- **About this task**: Return only these lines: the one that contains "Scudo Termico Goffrato" and every line after it through the end of the listing, exactly, without pictures.

*** Data records Section Begins ***

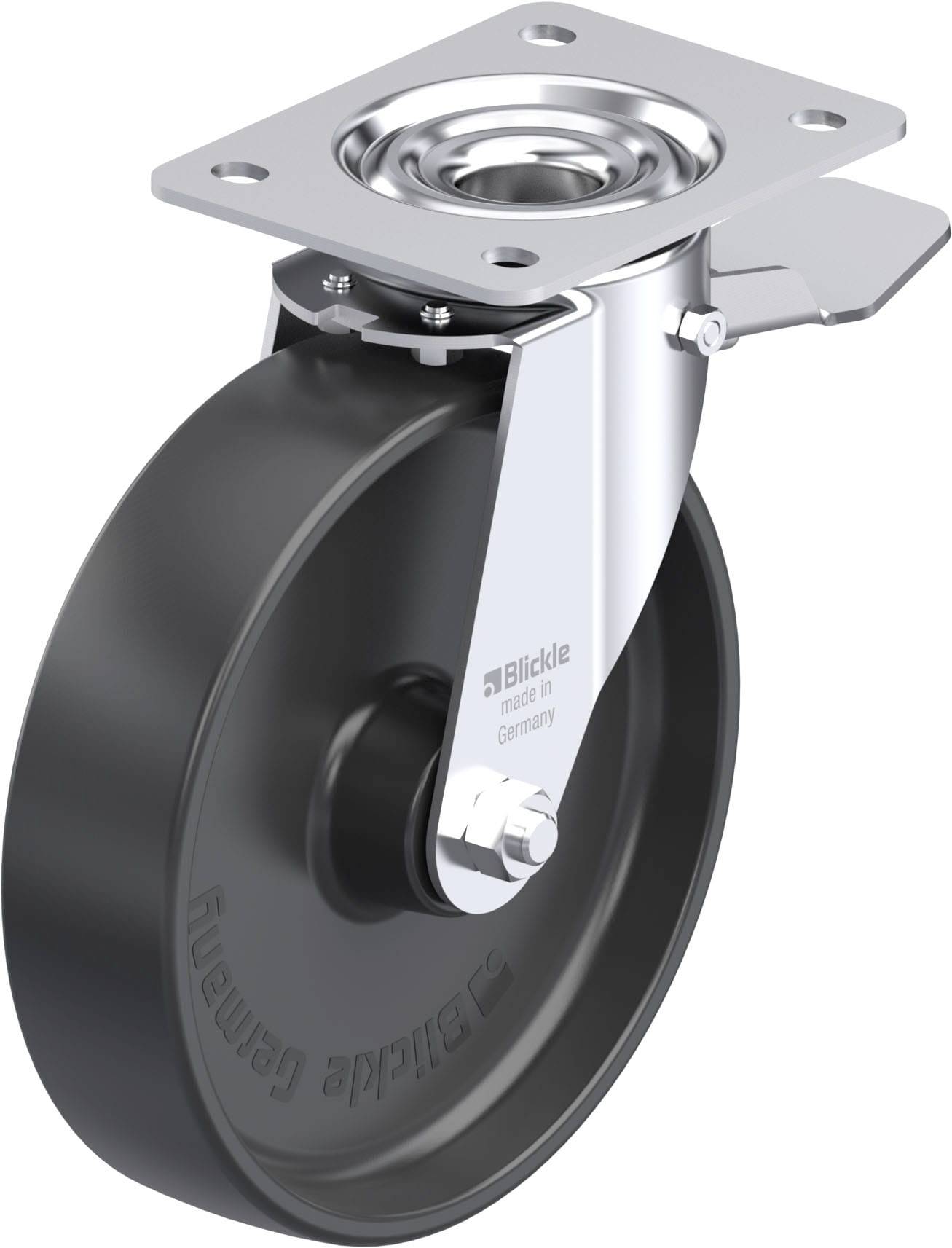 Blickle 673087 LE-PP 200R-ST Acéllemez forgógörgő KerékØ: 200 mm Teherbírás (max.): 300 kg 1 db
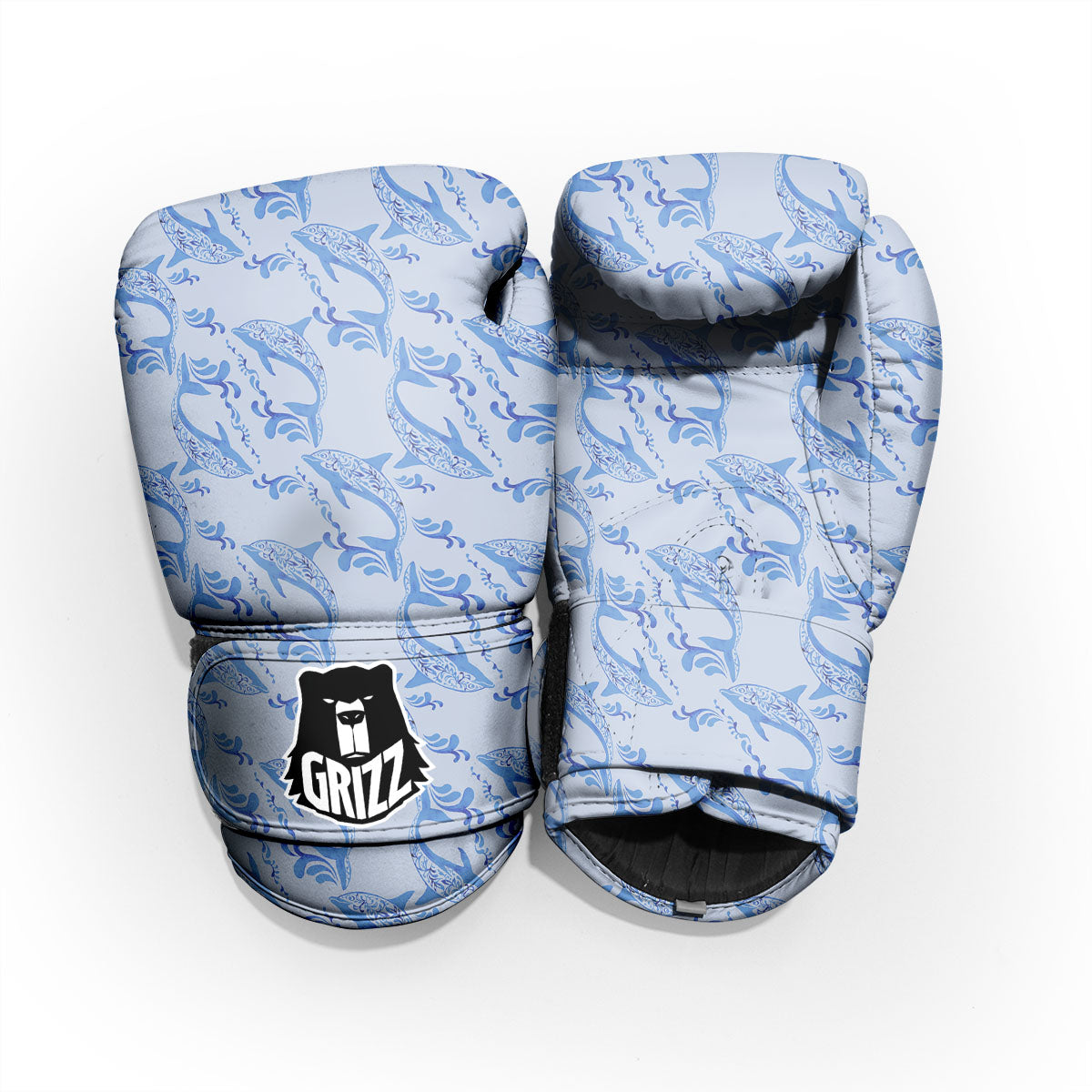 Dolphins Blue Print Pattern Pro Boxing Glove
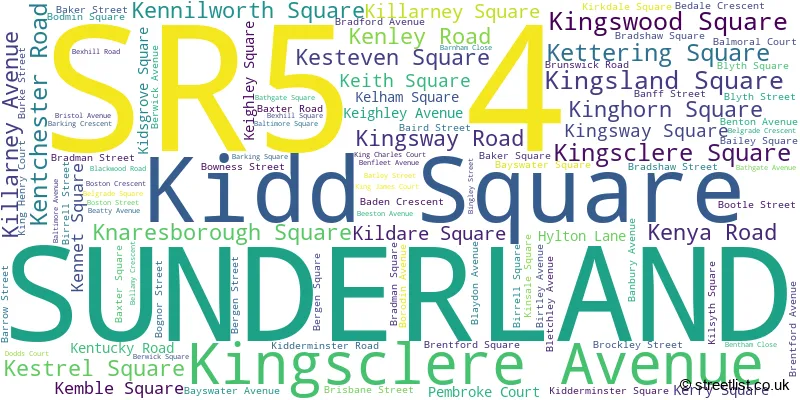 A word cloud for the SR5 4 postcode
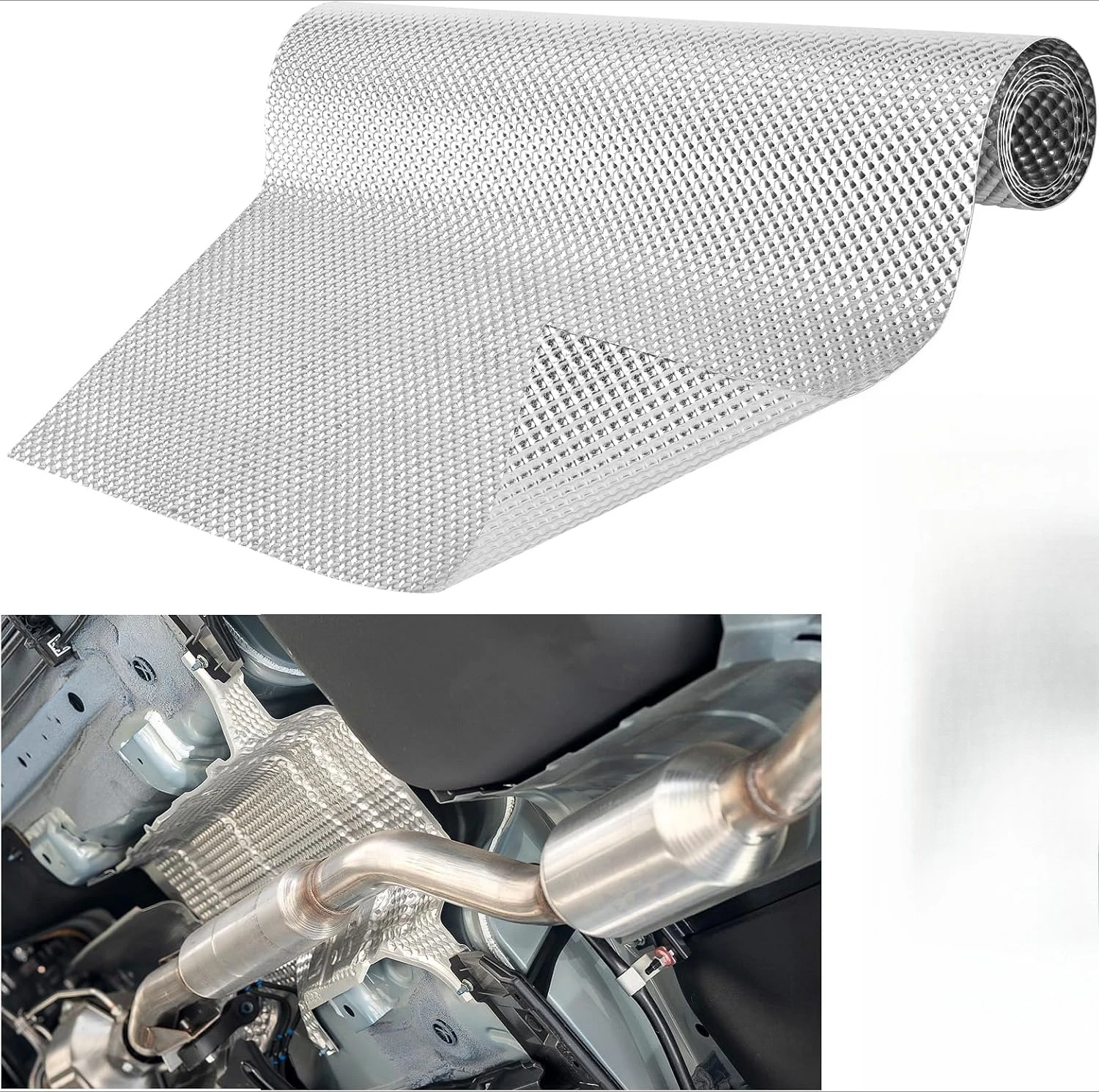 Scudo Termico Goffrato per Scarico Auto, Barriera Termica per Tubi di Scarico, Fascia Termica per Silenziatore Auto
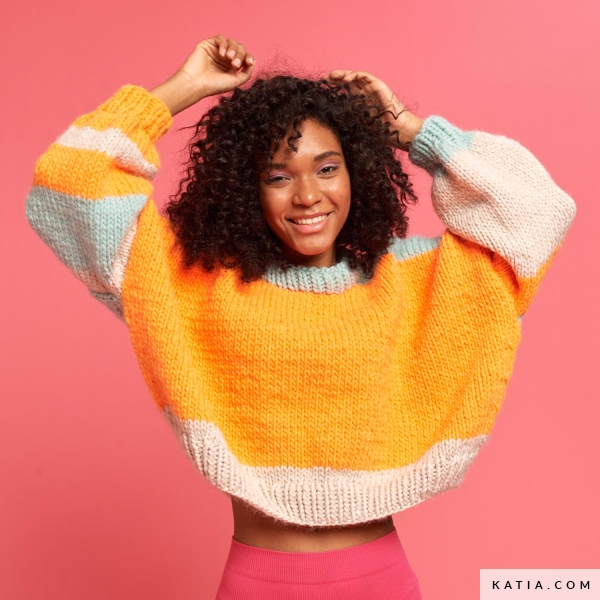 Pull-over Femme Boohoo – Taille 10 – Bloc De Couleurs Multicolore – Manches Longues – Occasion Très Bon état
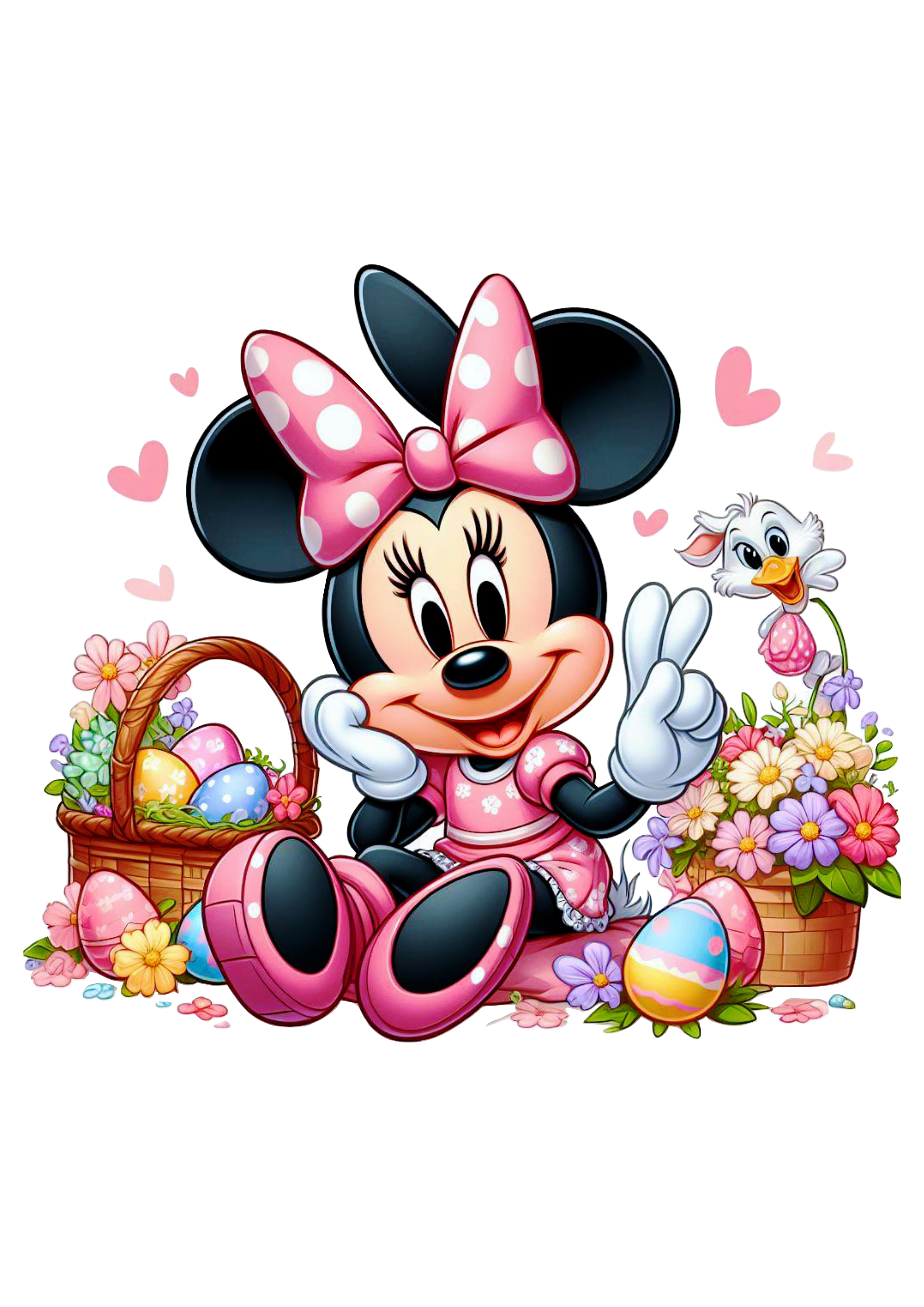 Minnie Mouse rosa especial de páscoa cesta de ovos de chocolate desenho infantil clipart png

*** Data records Section Ends ***

- **Task solution**:
 Scudo Termico Goffrato per Scarico Auto, Barriera Termica per Tubi di Scarico, Fascia Termica per Silenziatore Auto
 Pull-over Femme Boohoo – Taille 10 – Bloc De Couleurs Multicolore – Manches Longues – Occasion Très Bon état
 Minnie Mouse rosa especial de páscoa cesta de ovos de chocolate desenho infantil clipart png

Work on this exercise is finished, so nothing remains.